Waterstones Prize winners plus brand new YA Book Prize

The YA Book Prize  is a brand new prize that focuses purely on UK and Irish books for young adults. The first winner of this prize is Only Ever Yours by Louise O’Neill which has been described as a cross between The Handmaid’s Tale and the film Mean Girls. Intrigued? I certainly was! And even more so after reading this synposis on Amazon.co.uk:

In a world where woman are genetically engineered, designed to perfection, with the soul purpose to please men, freida and isabel are starting their final year. At the end of the year, it will be decided if they will be a companion to a man, being his wife and baring him sons; a concubine, living out life in a harem, giving sexual gratification to any man who wants them; or a chastity, a nun-like woman who lives a life of quiet selflessness or as a teacher at the School. There are only ten men who can choose from the 30 available girls – only ten will become companions. Everyone is eager to be the most beautiful, and competition and cattiness is encouraged, as is self-hate and the desire to always look better. In this final year, while all are excited and eager to see what the outcome will be, isabel starts putting on weight and neglecting her appearance. frieda cannot believe what her best friend is doing, but if she wants any future for herself, how can she be seen to feel anything but disgust for her friend?

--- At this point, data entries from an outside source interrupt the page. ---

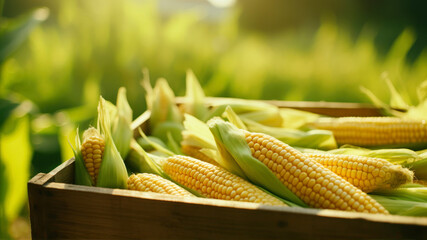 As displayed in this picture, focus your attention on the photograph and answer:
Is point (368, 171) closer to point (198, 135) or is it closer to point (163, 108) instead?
point (198, 135)

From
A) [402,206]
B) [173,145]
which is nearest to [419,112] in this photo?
[402,206]

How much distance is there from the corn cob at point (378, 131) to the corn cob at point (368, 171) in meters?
0.47

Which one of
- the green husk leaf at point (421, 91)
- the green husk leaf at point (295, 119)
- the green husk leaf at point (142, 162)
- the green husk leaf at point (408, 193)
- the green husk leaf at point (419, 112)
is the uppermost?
the green husk leaf at point (421, 91)

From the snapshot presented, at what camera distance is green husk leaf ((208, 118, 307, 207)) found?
1037 mm

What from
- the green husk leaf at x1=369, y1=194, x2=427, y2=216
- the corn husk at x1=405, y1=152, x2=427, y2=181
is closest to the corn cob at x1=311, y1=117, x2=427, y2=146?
the corn husk at x1=405, y1=152, x2=427, y2=181

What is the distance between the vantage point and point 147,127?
176 centimetres

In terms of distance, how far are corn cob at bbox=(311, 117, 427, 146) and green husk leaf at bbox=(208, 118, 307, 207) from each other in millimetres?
666

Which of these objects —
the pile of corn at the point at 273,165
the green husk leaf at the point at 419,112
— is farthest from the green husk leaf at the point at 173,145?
the green husk leaf at the point at 419,112

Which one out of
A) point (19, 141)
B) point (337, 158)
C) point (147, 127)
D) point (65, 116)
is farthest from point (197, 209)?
point (65, 116)

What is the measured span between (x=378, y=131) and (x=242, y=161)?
756 mm

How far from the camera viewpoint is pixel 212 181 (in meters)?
1.08

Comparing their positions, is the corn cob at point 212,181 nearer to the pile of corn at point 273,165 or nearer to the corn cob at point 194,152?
the pile of corn at point 273,165

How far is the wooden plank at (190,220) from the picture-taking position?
2.61 feet

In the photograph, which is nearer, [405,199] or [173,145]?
[405,199] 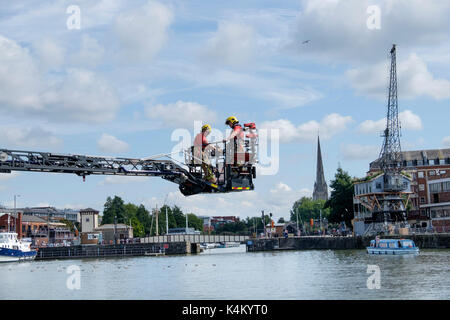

The other contendors for the YA Book Prize were:

Goose by Dawn O’Porter (Hot Key Books)

Salvage by Keren David (Atom/Little Brown)

Ghosts of Heaven by Marcus Sedwick (Orion)

Trouble by Non Pratt (Walker)

Lobsters by Lucy Ivison and Tom Ellen (Chicken House)

Finding a Voice by Kim Hood (O’Brien Press)

Say Her Name by James Dawson (Hot Key Books)

A Song for Ella Grey by David Almond (Hodder Children’s Books)

Half Bad by Sally Green (Penguin)


In other book award news, the Waterstones Children’s Book Prize winners have been announced with Rob Biddulph’s picture book, Blown Away as both the overall winner and winner of the best illustrated book. The rhyming story follows a penguin who gets blown away with his kite on a windy day, picking up friends along the way. Robin Stevens won the best book for younger readers with her detective story, Murder Most Unladylike and the best book for teens was judged to be Half Bad by Sally Green (also shortlisted for the YA Book Prize above).